Having dealt, however adequately, with the question of selection, I want to
now add a final introductory remark on my approach.
Kingsley Amis's 1960 study of SF, New Maps of Hell, is generally
regarded as one of the landmark works of SF criticism. In it, Amis asserts that
the best SF is not concerned with technology so much as society, and that
"its most important use . . . is a means of dramatizing social inquiry, as
providing a fictional mode in which cultural tendencies can be isolated and
judged." My sense is that this still holds true, though it is, of course,
possible to disagree. J. G. Ballard, for example, retorts that Amis's notion of
how SF would become "primarily a satirical and sociological medium proved
totally wrong" in the 1970s. That may be so, but it seems to me that much
of the SF being written today supports Amis. (Indeed, if I was going to look
beyond my chosen sample for evidence of SF's fixation on sociological issues and
social satire one of the first places I would look would be Ballard's own work.)
In the discussion that follows I want to show how the major themes that dominate
today's SF offer a diagnosis of present concerns and anxieties as well as a
warning for the future.
But enough introduction. Let's get on with the drawing of new maps, and
explore the three cities of today's SF.
1. Unreal Cities
We begin in Africa. The first story in the Fourteenth Annual anthology is
Gregory Benford's "Immersion." The hero is a famous professor from
Helsinki vacationing with his wife at a futuristic African game preserve. The
call of the wild is pretty obvious. And while the Professor has a tendency to
consider himself superior to the other vacationing "Primitivists"
("It seemed to him that every third word in their conversation was natural
or vital") he shares their desire to be "immersed" in the
native environment.

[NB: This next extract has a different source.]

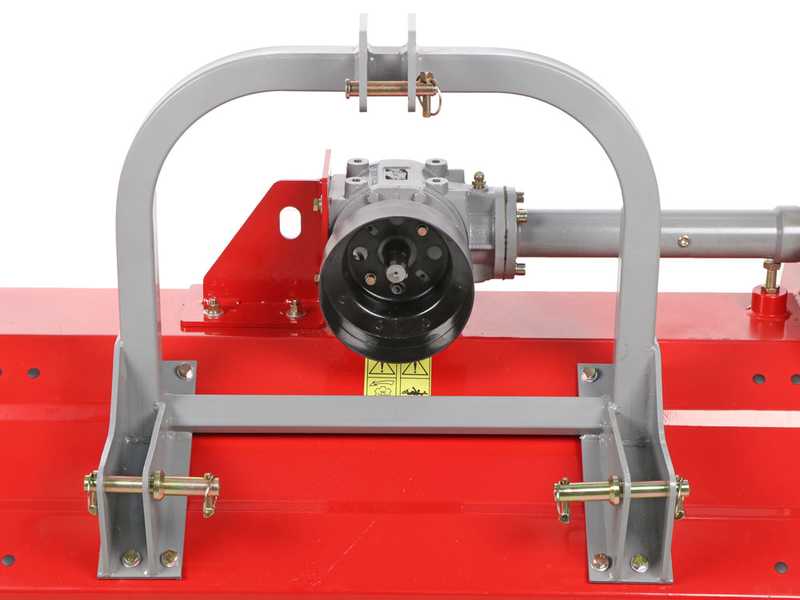 GeoTech Pro MFM-145 - Broyeur sur tracteur fixe - S&eacute;rie m&eacute;dium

What this turns out to mean is a process where his brain is
plugged into that of a chimpanzee so that he can experience life as a
pre-rational being.
The situation "Immersion" deals with, one where a
highly-cultivated, advanced being is drawn toward the primitive is, I would
argue, typical of the new SF. And the choice of Africa - not traditionally
viewed as the cradle of civilization so much as the cradle of the species - is
hardly a coincidence. Another story, Ian McDonald's "Recording Angel,"

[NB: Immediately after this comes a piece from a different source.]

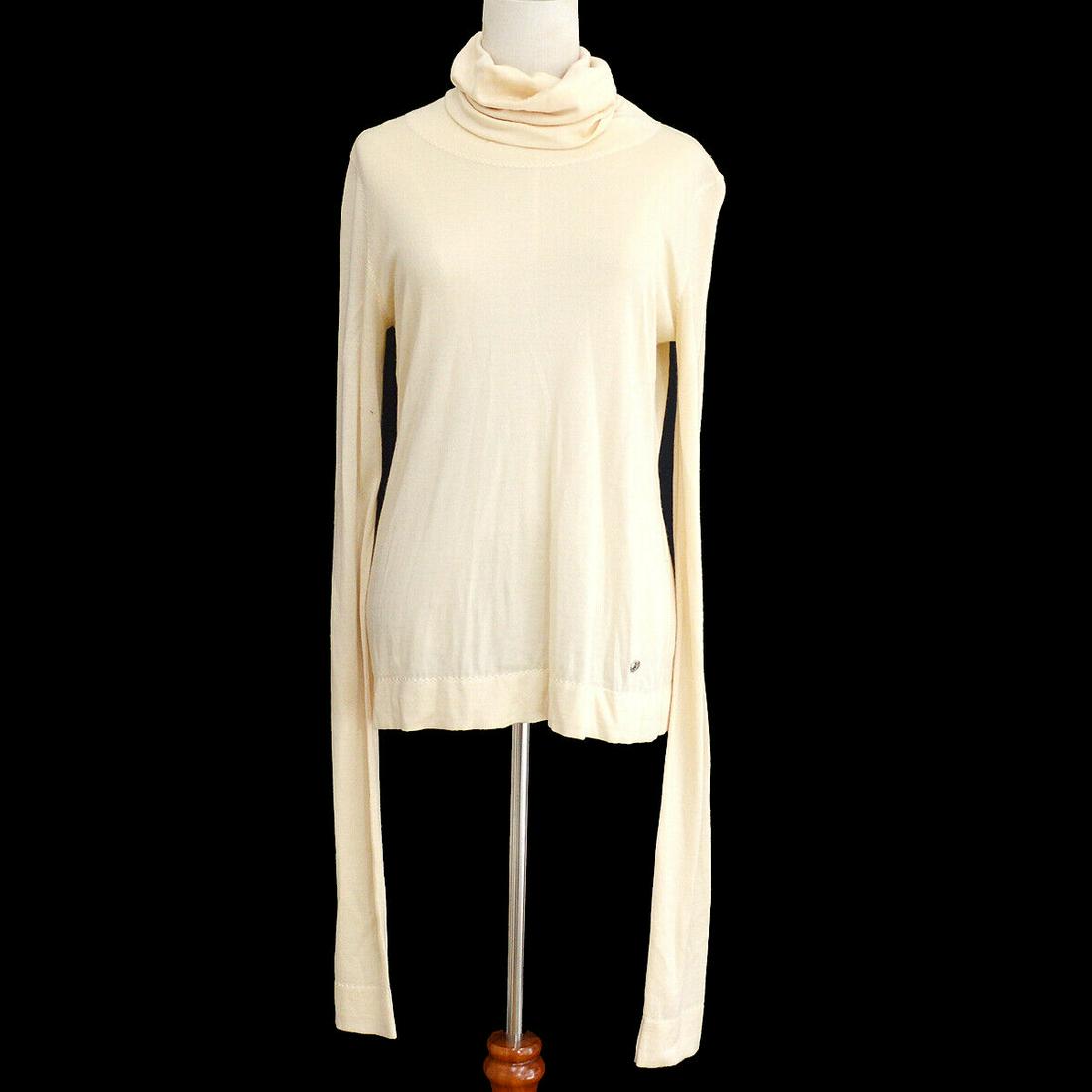 CHANEL 06A #42 Turtleneck Long Sleeves Tops Ivory: CHANEL 06A #42 Turtleneck Long Sleeves Tops Ivory Size: #42 Accents: Logo Style: Tops Season: Fall Winter Product Line: Tops Material: 70% Cashmere 30% Silk Fit: Regular Type: Tops Color: Ivory Vintag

makes the same point about the primitive reality of Africa even more directly.
The Africa in McDonald's story is being eaten by some kind of alien fungus. The
main character is a journalist sent to report on the celebrity-filled party
taking place during the last days of a swank hotel that stands in the way of the
plague. One of the people she meets is an old hunter whose despair over the
destruction of the mythic Africa she can sense:
"the great untamed, unexplored, dark Africa, the Africa without nations
and governments and borders and economies; the Africa of action, not thought, of
being, not becoming, where a single man can lose himself and find himself at the
same time; return to a more simple, physical, animal level of existence."

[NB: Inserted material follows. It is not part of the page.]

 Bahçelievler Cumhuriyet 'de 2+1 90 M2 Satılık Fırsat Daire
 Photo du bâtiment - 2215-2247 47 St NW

What is it about contemporary life that so longs for
this return? (In McDonald's story, one of the celebrities partying at the doomed
hotel is Brad Pitt, an actor who would later star in a movie glorifying the
"return to a more simple, physical, animal level of existence.") It is
of course trite to say that modern Western civilization has become increasingly
divorced from reality. The great urban shift in this century's demographics
makes it increasingly likely that most of us have no idea where our food comes
from and no connection with our natural environments. At the same time the
specialization of technical knowledge means that few of us have any idea how
even the most basic electronic devices we use work. The dominance of the service
economy means that for the majority of us labour is far less physically
demanding than it ever was in the past (though every bit as degrading). In our
advance we have clearly left a lot behind; inside we are still very much the
same.
SF has long had an affinity for this split in consciousness, between what we
feel is real and what we only perceive as reality. It is a theme that has
recently exploded through the use of plots involving virtual reality. In a
number of the Year's Best stories we find such devices being used,
dividing the world into the digital and the real, the virtual and the
"meat." In Ian MacLeod's story "Nevermore" the evolution of
the real even gives rise to a new terminology, one where the term "foreal"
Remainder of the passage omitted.